The present invention of such a configuration is as follows.

That is, the DFM signal input as an analog signal from the system is input to the DFM receiver, and the DFM receiver is a signal received by the enable signal of the DFM signal controlled by PAL logic. It is transmitted through the D7 signal to the UE.

If you read the 16 standard frequencies by D0 ~ D3 as data from the DFM receiver, you can see that the signal is a DFM signal.

In this case, when the DTP receiver detects the DTP code at the DFM receiver, the UE sends a detected signal to the exchange apparatus of the exchange system to perform an operation necessary for connecting a trunk line or performing a call exchange. will be.

In addition, in PLogic㈁, the information on how much DTM is to be scanned is determined by the period of the UE, and in the exchange, the UE accesses the address periodically every 16 ms, and detects the DFM signal.

Meanwhile, as shown in FIG. 3, the DMP receiver T is divided into a high frequency signal and a low frequency signal by a band-sized filter (a), and the signal is divided into international standard DMT signals.

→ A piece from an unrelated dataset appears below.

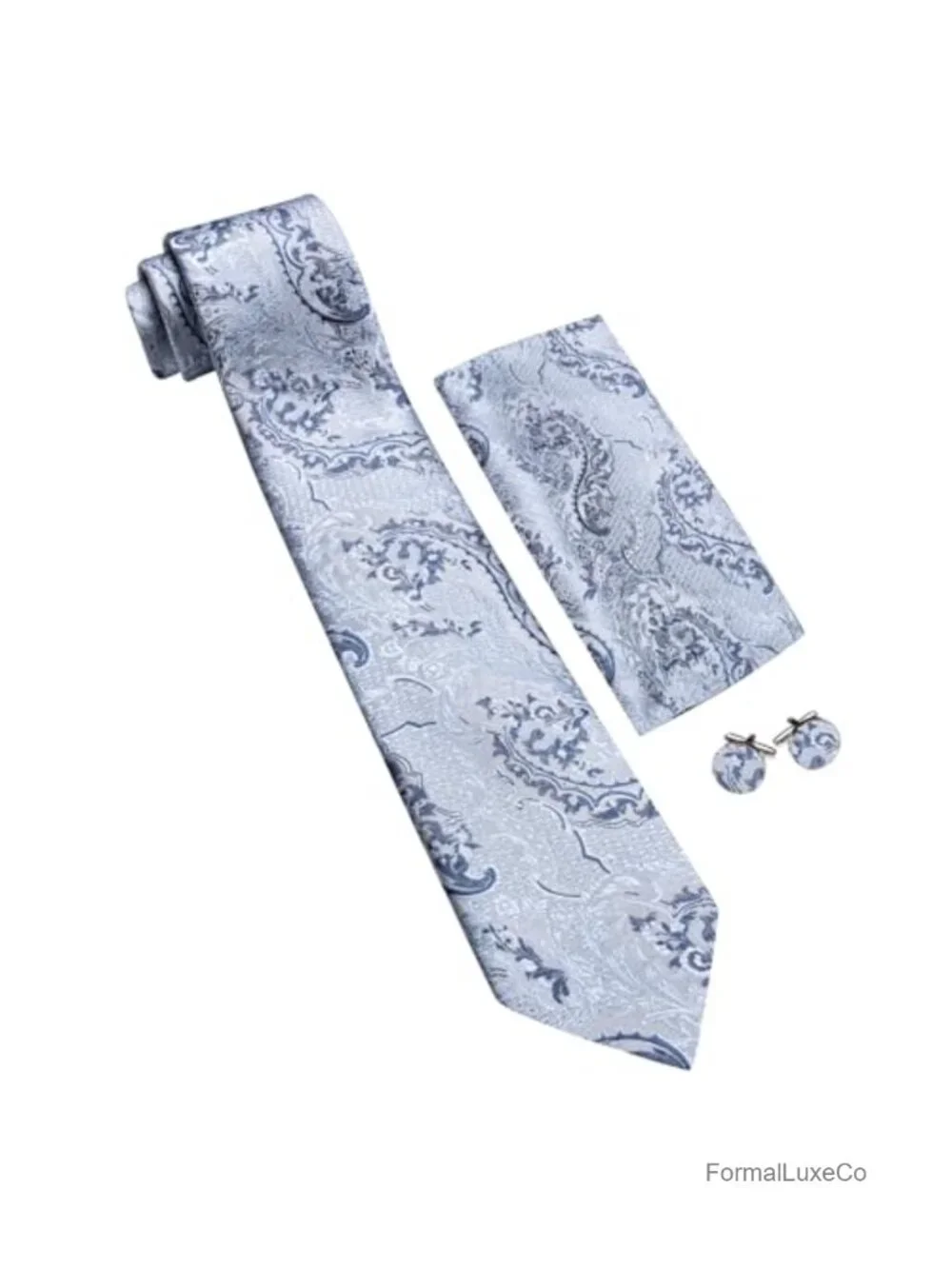 Silk Paisley Tie Set with Pocket Square and Cufflinks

After passing the band through the bandpass filter (b) according to the tone signal, it is input to the output decoder (c) and the timing circuit (e) and outputs that this signal is a DFT signal, and the output register (d) The output signal of the output decoder (c) is applied together with the enable signal provided by the logic logic to convert each signal into data.

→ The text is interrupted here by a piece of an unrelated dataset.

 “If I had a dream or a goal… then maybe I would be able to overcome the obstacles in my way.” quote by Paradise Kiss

When the system receiver detects and processes the DFM signal in the system, as shown in Fig. 4, if the terminal hook is 'off', the DTP receiver is selected and the first digit of the dial pulse / DMP is selected. (digit) is checked to determine the dial pulse / DMP. If the determined signal is DMP, it is determined to be the first digit. If it is not the first digit, the digit is checked again. Release (Receiver Release).

Therefore, the present invention is economically advantageous because it implements the desired circuit with few components, and the number of DFM receivers can be increased or decreased depending on the capacity of the exchanger. As the number of TFM ports increases, the area occupied by the circuit is reduced and cost is reduced.

Claims (2)

In the DFM reception detection circuit of the private exchange, DFM receiver digital code data, etc. are generated from the DFM analog signal and provided to the system receiver, and connected to the address output of the receiver. A PAL logic receiver that receives an address signal from the PDP receiver and provides an enable signal to the DFM receiver, and a DFM receiver that connects the enable signal terminal of the PAL logic receiver to output DFM digital data. DFM reception detection circuit of a private exchange, characterized in that consisting of. The band receiver of claim 1, wherein the DMP receiver ㈂ receives a band split filter (a) for separating the analog input DTF signals into high and low frequencies, and a band through which the output of the band split filter is applied. An output register (d) which receives the pass filter (b) and the output of the band pass filter (b) through an output decoder (c), converts the digital signal together with the enable signal of the follow logic, and transmits the digital data to the receiver. And a timing circuit (e) for receiving the output of the bandpass filter (b) and outputting that the input signal is a DFT signal.